The feat of altering the image was nothing compared to the achievement of DCS Wilkins in finding it, however. He managed to show how the artist's impression captured his distinctive mullet and moustache, even his frame, which were plain to see on the Bullseye episode.

The achievement was all the more remarkable because he got hold of it as the investigation faced a race against time.

Cooper, who'd been involved in more than 30 break-ins and violent assaults, was already in prison after being sentenced to 14 years in 1998 for robbery and burglary.

But he was being considered for release while police investigated him for the murders, and was allowed to leave jail in January 2009.

That meant he could possibly offend again, and was likely to exert more influence on crucial witnesses including his long-suffering son, Andrew Cooper.

The latter he'd shamelessly tried to blame for the murders, whenever he felt police were getting close to nailing him.

So Steve and the team were under increasing pressure to deliver results at speed.

Luke said: "It's a shocking true story about the worst serial killer that Wales has ever seen, but it drew my attention to what the police do behind the scenes and the human impact of what people go through when something like this happens in their community.

"Often these stories do feel like they can't be real. And this one has so many twists and turns, it almost feels like at any moment the case will go cold again.
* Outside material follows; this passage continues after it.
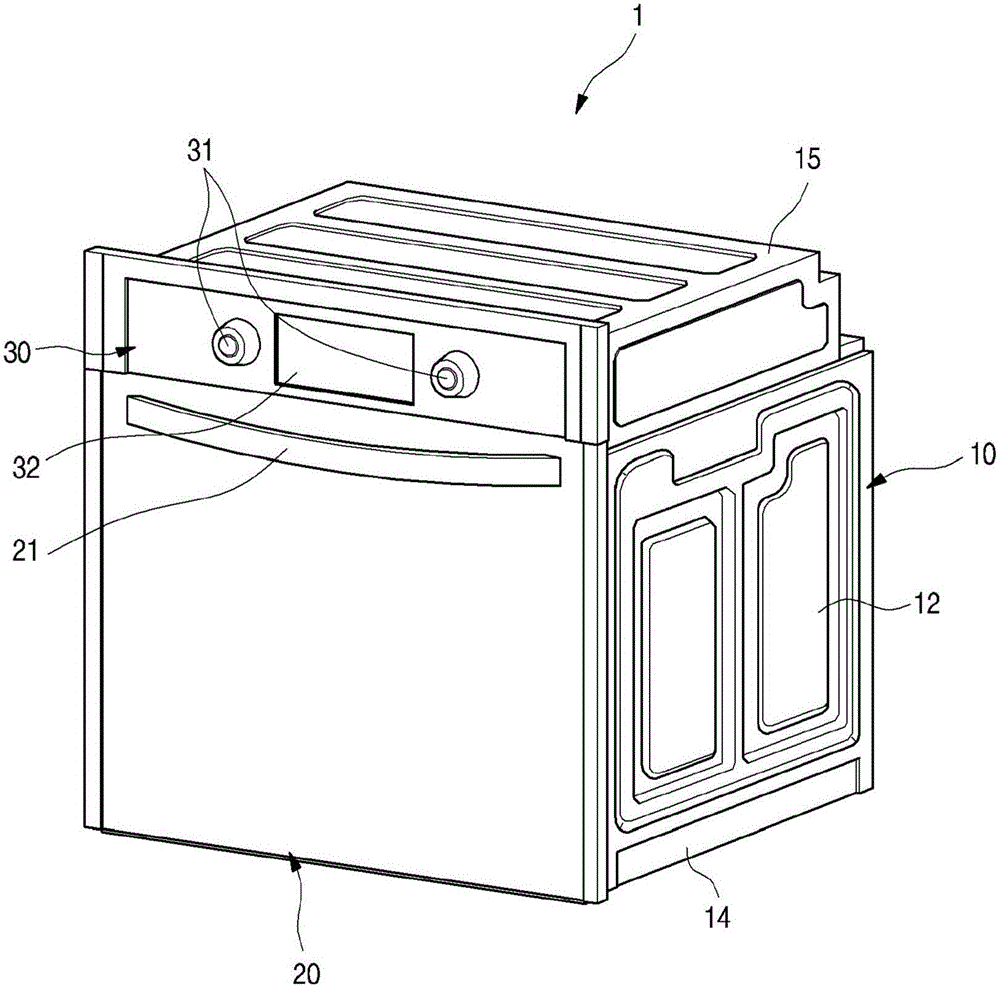 Hinge apparatus and oven with the same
"The forensic evidence was minimal, budgets were running out and people were losing faith."

But, within four months of his release, Steve and the team had used DNA to pinpoint a shotgun owned by Cooper as the murder weapon. Specks of Peter Dixon’s blood – with a probability match of one in a billion – were also found under black paint on the barrels of the firearm.

A more detailed forensic test on a pair of shorts owned by Cooper discovered traces of Peter and Gwenda's DNA.

He was arrested in May of the same year and two years later was convicted for both double murders, as well as the 1996 rape of a 16-year-old girl and a sexual assault on a 15-year-old girl, both carried out at gunpoint, in Pembrokeshire.

Cooper was sentenced to a whole life order, which means he will never be released from prison.

The judge told him: "The murders were of such evil wickedness the mandatory sentence of life will mean just that."

Luke said: "This is a story about a team of people who wanted to find the truth and get the man who committed these crimes. The work and time and the sacrifice they put in is part of the story.

"The Pembrokeshire Murders is not just about the person who carried out these crimes, it's about how they find him.

"And the twists and turns are just mind boggling and unbelievable – it really is a rollercoaster ride that keeps you on the edge of your seat.

  • The Pembrokeshire Murders is on ITV next month.